_Data supplied_.
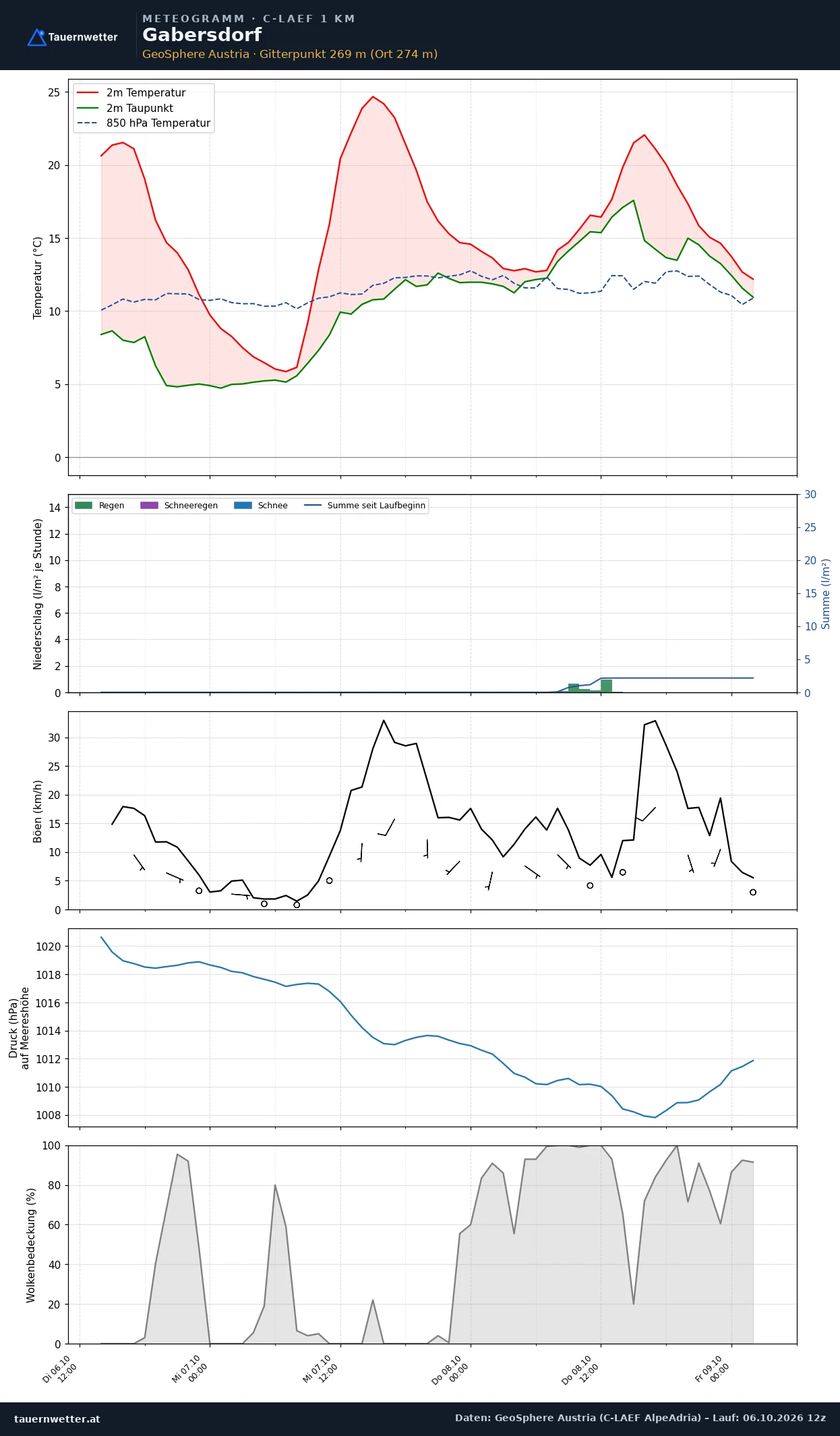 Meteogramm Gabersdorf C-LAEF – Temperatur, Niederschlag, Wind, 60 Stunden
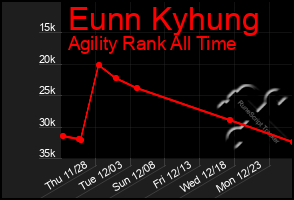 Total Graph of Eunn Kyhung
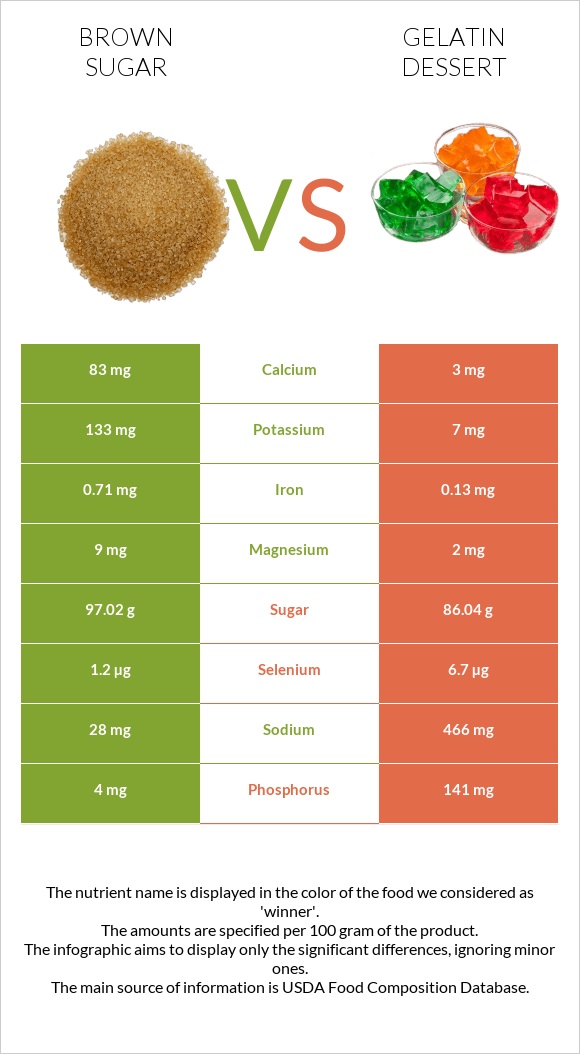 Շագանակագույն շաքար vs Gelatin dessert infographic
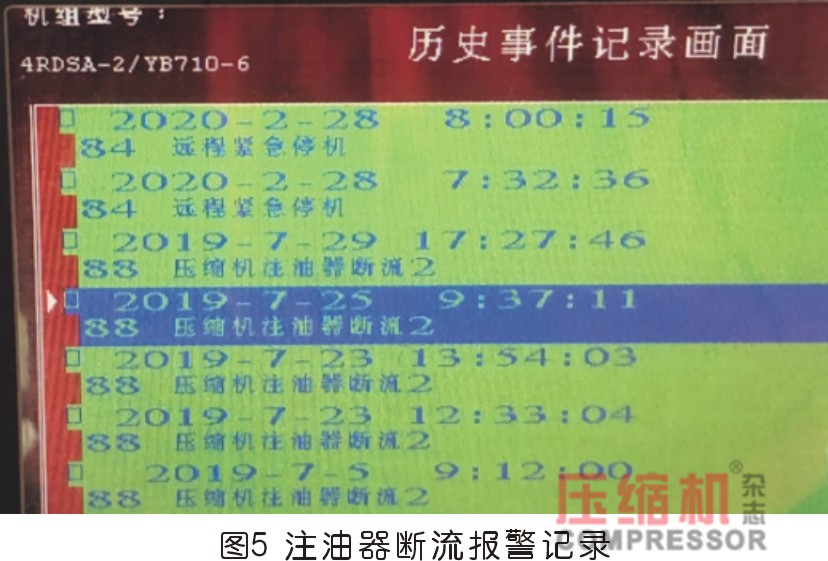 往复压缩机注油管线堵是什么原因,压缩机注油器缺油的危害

...

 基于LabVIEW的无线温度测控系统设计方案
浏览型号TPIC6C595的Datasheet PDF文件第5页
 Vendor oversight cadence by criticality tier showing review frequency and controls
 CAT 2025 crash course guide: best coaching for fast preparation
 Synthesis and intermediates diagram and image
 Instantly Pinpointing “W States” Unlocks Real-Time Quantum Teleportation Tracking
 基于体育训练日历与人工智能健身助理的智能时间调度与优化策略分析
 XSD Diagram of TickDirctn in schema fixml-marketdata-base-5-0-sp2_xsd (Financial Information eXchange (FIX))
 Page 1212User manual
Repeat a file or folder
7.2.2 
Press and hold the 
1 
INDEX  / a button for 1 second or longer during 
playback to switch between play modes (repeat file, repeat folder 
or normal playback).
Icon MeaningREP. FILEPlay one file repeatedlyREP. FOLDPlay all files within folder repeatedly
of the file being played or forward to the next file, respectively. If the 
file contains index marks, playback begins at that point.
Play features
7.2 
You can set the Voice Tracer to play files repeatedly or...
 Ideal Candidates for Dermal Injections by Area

---

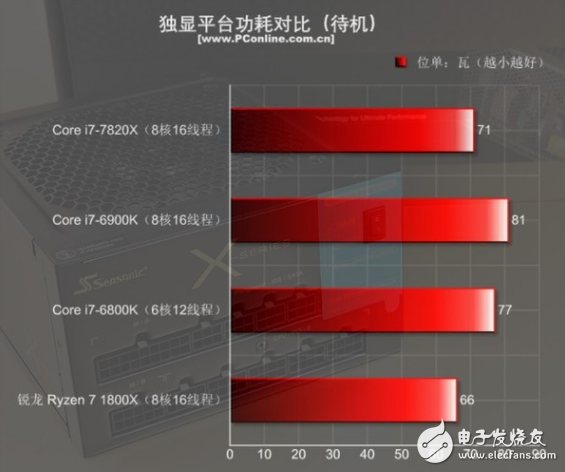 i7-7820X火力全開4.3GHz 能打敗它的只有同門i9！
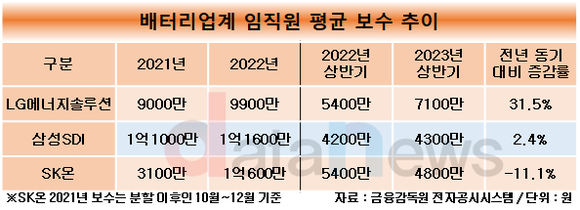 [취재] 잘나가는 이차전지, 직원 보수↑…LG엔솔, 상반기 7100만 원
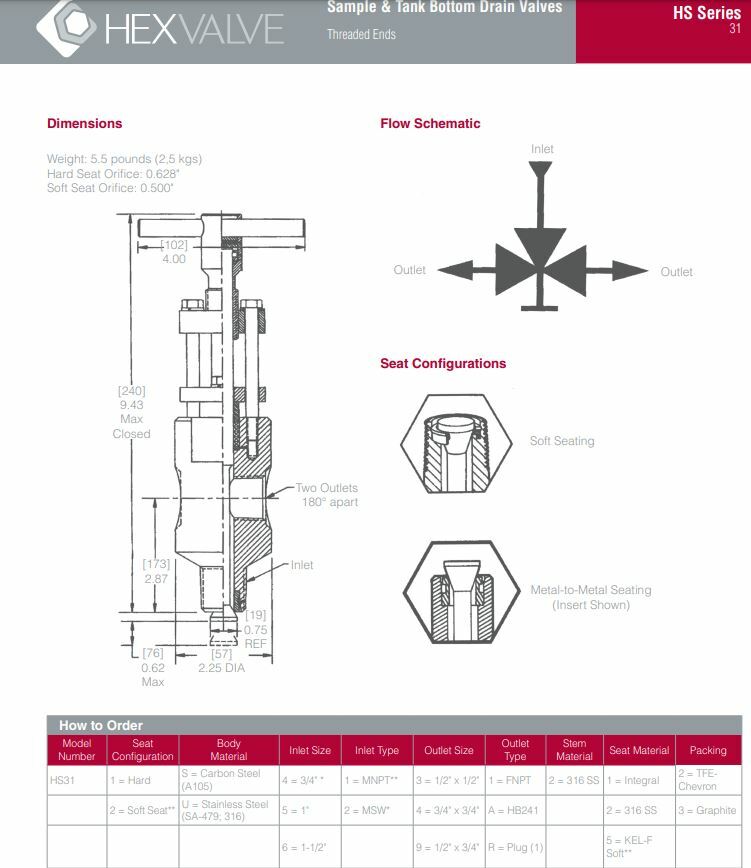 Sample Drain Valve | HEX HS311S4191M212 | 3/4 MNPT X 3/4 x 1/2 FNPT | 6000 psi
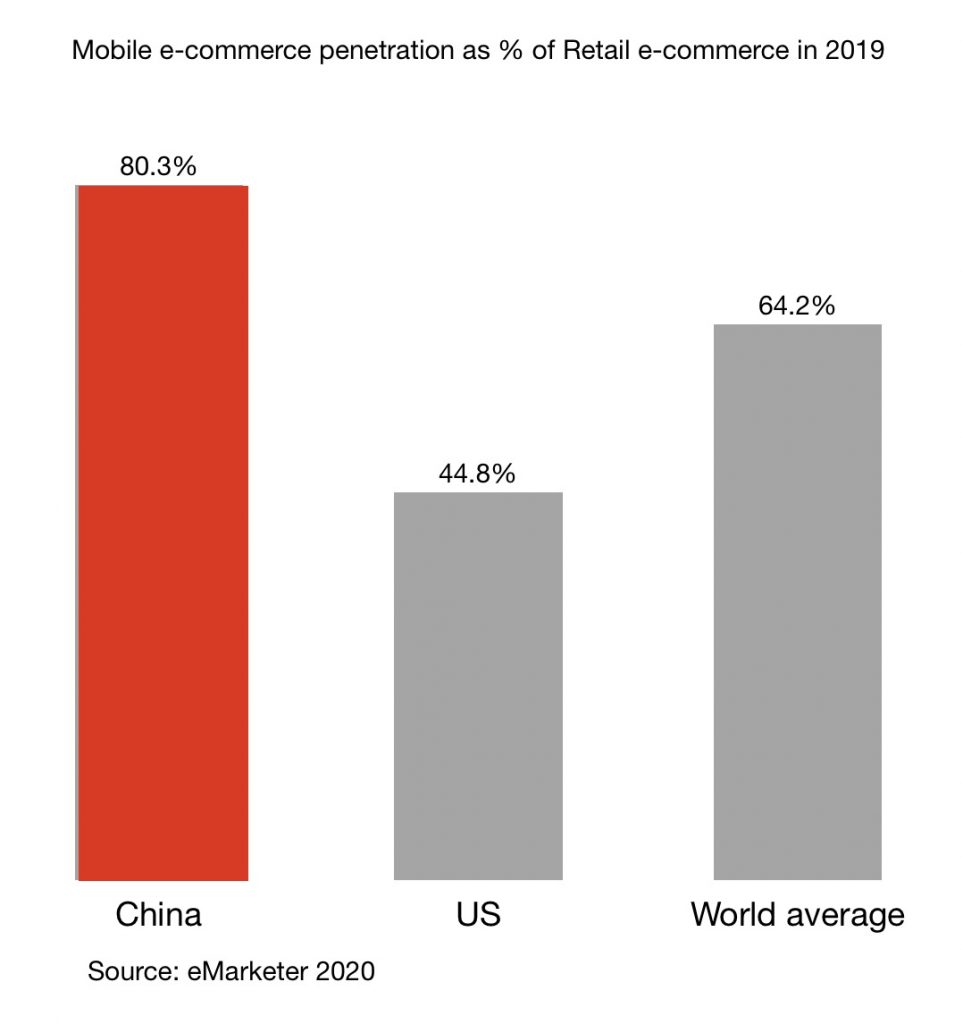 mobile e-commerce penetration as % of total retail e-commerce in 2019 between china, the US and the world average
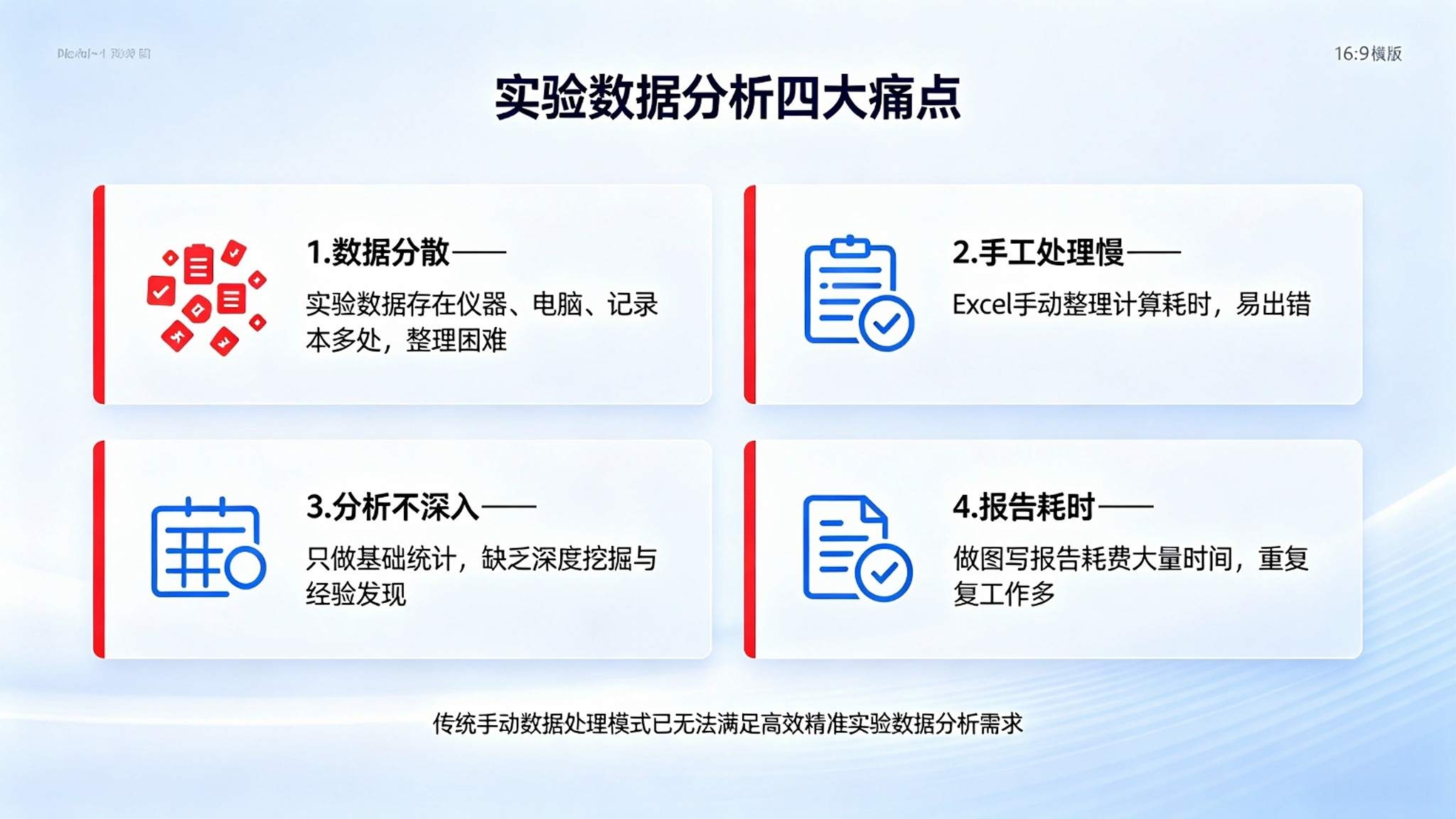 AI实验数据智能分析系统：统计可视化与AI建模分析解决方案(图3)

_Goal of the exercise_. After locating the line containing "Total Graph of Eunn Kyhung" in the entries above, return it and every line after it exactly, ending at the line containing "往复压缩机注油管线堵是什么原因,压缩机注油器缺油的危害", without pictures.

_Solution for this task_.
 Total Graph of Eunn Kyhung
 Շագանակագույն շաքար vs Gelatin dessert infographic
 往复压缩机注油管线堵是什么原因,压缩机注油器缺油的危害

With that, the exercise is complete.